AVAILABLE RECORDS =
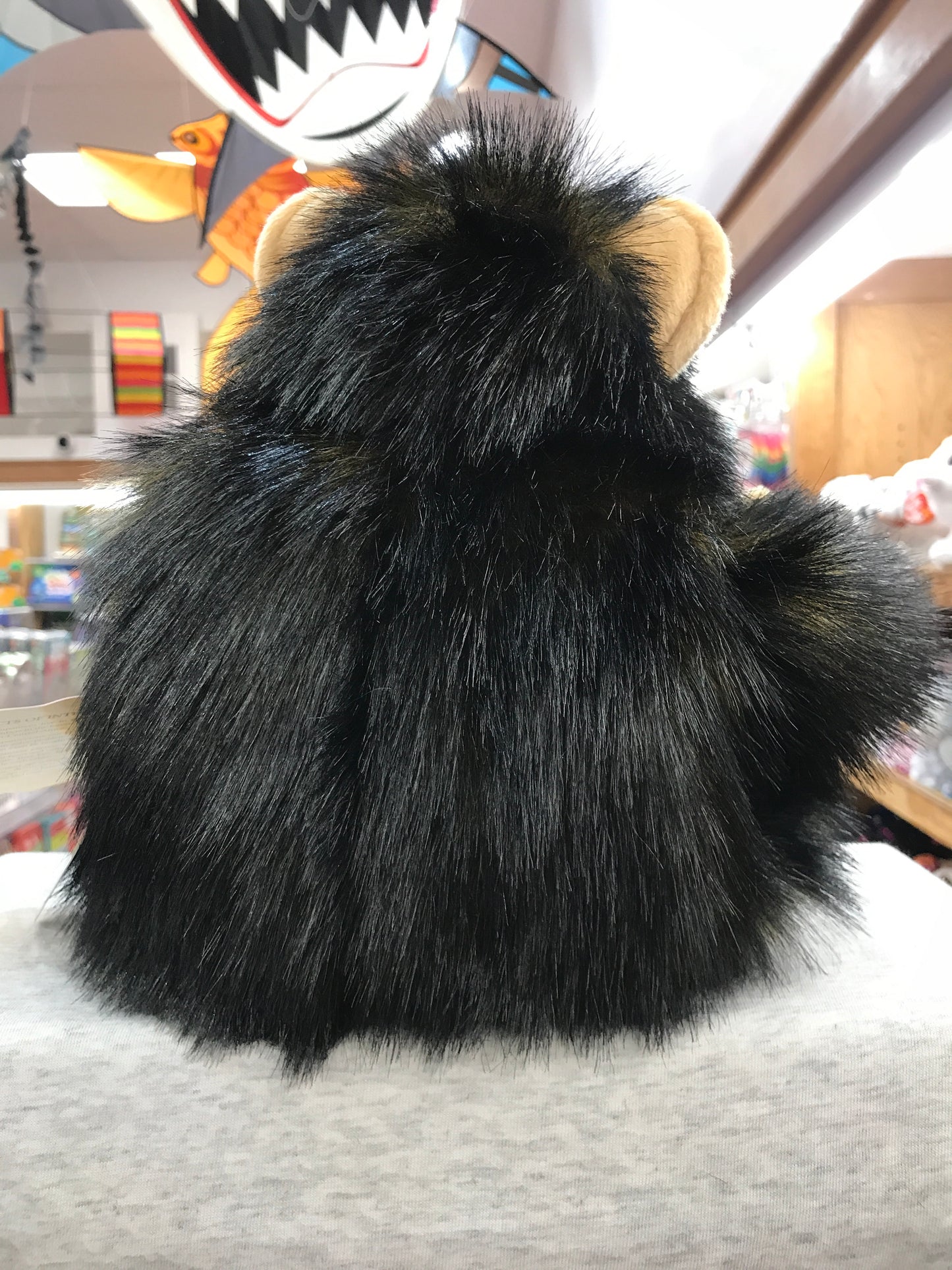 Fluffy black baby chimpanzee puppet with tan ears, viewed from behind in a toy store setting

--

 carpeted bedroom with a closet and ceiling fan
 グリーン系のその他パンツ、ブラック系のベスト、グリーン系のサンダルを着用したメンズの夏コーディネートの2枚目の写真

* * *

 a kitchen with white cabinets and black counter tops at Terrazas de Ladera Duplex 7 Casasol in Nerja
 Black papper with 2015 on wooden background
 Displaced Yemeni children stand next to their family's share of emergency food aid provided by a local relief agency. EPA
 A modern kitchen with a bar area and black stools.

TASK = Would you print exactly and only the lines of the material above that run from the line with "Displaced Yemeni children" through the line with "A modern kitchen", both included?

FINISHED EXERCISE =
 Displaced Yemeni children stand next to their family's share of emergency food aid provided by a local relief agency. EPA
 A modern kitchen with a bar area and black stools.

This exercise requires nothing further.